Portable computing devices (e.g., laptops, personal/enterprise digital assistants, smartphones, tablet computers, ultra-mobile computers, wearable computers, etc.) have become ubiquitous at least in part because they are increasingly more affordable and yet more powerful.
Newer portable computing device designs (e.g., ultrathin laptops, ultra slim smartphones, etc.) are directed toward making the devices thinner in size and lighter in weight so that consumers can easily carry them around and hold to operate. Even though the newer computing devices may have smaller form factors and smaller enclosure sizes than older versions of the devices, they can include powerful computer chips (e.g., microprocessors, RAM, etc.) that generate the same or more heat than the computer chips used in older or larger enclosure-size versions of the computing devices. Traditional heat or thermal management solutions for computing devices generally address the challenge of avoiding temporary malfunction or permanent failure of components (e.g., CPUs, chipset, graphic cards, and storage devices, etc.) due to overheating of semiconductor junction temperatures (e.g., above 100° C.). The traditional heat or thermal management solutions avoid overheating of the device components by extracting and expelling heat from the computing device enclosures, for example, by exhausting hot air from the enclosures or using heat pumps. Additionally, the traditional heat or thermal management solutions may avoid overheating of the device components by throttling performance of heat-generating device components.
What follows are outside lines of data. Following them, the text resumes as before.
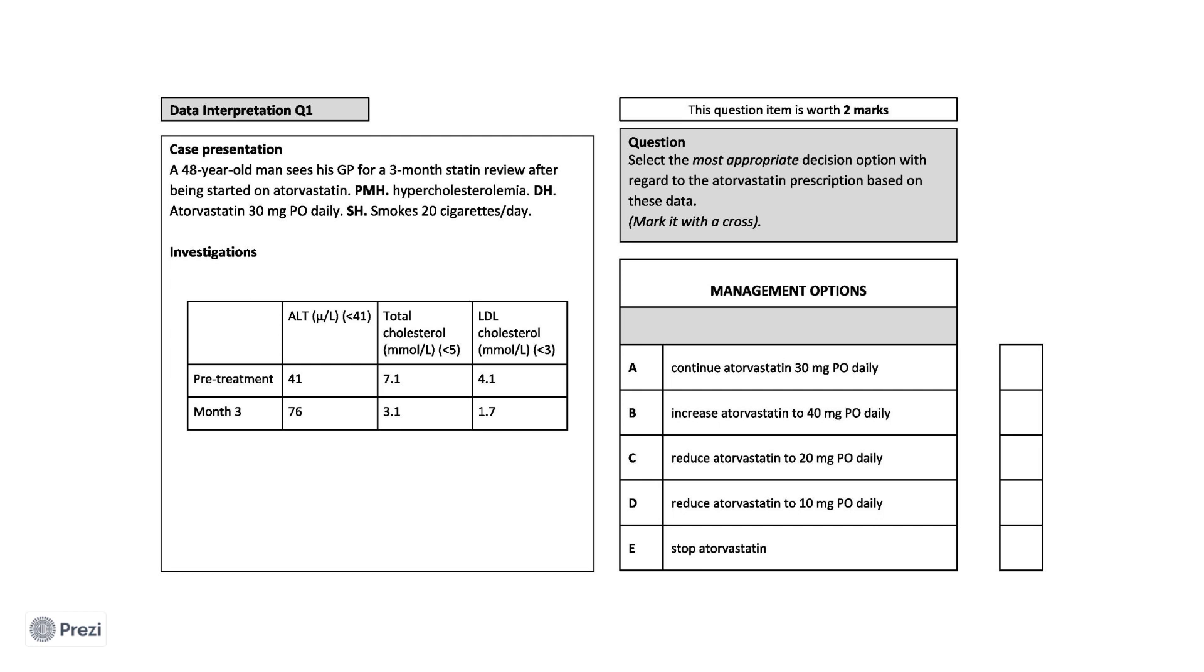Of note, his ALT is markedly elevated and around twice as high as the upper limit of normal, 76 units per litre compared to 41 units per litre. His lipid profile has improved since starting treatment and he is now within the target range for both total cholesterol and LDL.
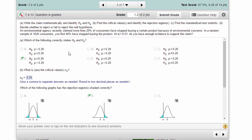First, you have to state the null and the alternative correctly. Back up in the problem statement it says the agency claimed more than 29%. I gave you a little table — when you have 'more than,' that is a greater than symbol, and because it's not an equality, the claim has to be the alternative. The complement of a greater than alternative is less than or equal to, and the proportion we're concerned about is the 29% that the agency stated.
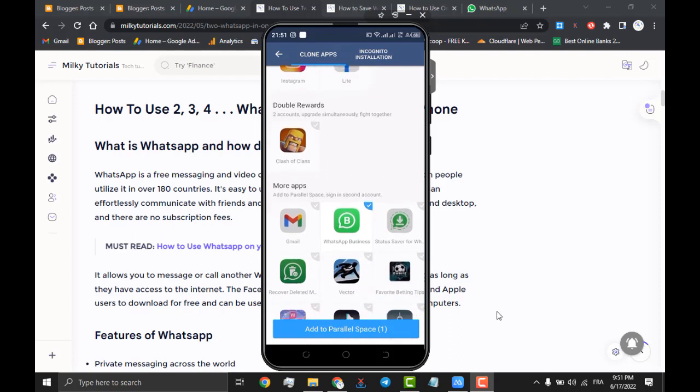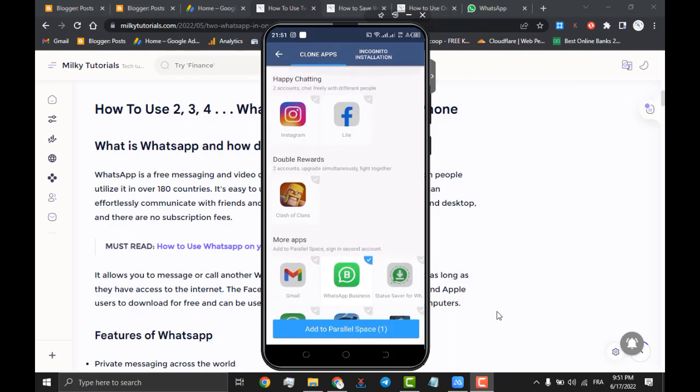We have just selected WhatsApp for the sake of this tutorial. But for yourself, you can multiply as many apps as you would wish.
For the newer smaller enclosure-size or smaller form factor computing devices, a further thermal challenge is ergonomic: maintaining external enclosure temperatures at safe levels so that users can touch or handle operational computing devices without discomfort or injury.
Consideration is now being given heat or thermal management solutions for keeping computing device enclosure surface temperatures in a safe and comfortable range for human contact or touch.